AIM OF THE TASK:
All entries must be given again exactly as written.

RECORDED INFORMATION:
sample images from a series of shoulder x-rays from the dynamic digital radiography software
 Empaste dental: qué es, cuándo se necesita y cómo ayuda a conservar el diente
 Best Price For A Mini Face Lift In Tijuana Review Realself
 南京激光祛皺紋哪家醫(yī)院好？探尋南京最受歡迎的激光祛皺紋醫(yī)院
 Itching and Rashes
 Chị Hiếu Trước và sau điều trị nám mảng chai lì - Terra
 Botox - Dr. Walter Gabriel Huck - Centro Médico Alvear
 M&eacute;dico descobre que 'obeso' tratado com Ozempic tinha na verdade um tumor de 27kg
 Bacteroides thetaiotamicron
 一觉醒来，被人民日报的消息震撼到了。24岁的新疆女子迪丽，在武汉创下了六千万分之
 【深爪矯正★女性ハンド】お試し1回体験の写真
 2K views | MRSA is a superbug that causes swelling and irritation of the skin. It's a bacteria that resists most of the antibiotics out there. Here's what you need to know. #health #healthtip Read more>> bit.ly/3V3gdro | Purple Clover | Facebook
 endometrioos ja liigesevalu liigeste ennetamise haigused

YOUR RESPONSE:
sample images from a series of shoulder x-rays from the dynamic digital radiography software
 Empaste dental: qué es, cuándo se necesita y cómo ayuda a conservar el diente
 Best Price For A Mini Face Lift In Tijuana Review Realself
 南京激光祛皺紋哪家醫(yī)院好？探尋南京最受歡迎的激光祛皺紋醫(yī)院
 Itching and Rashes
 Chị Hiếu Trước và sau điều trị nám mảng chai lì - Terra
 Botox - Dr. Walter Gabriel Huck - Centro Médico Alvear
 M&eacute;dico descobre que 'obeso' tratado com Ozempic tinha na verdade um tumor de 27kg
 Bacteroides thetaiotamicron
 一觉醒来，被人民日报的消息震撼到了。24岁的新疆女子迪丽，在武汉创下了六千万分之
 【深爪矯正★女性ハンド】お試し1回体験の写真
 2K views | MRSA is a superbug that causes swelling and irritation of the skin. It's a bacteria that resists most of the antibiotics out there. Here's what you need to know. #health #healthtip Read more>> bit.ly/3V3gdro | Purple Clover | Facebook
 endometrioos ja liigesevalu liigeste ennetamise haigused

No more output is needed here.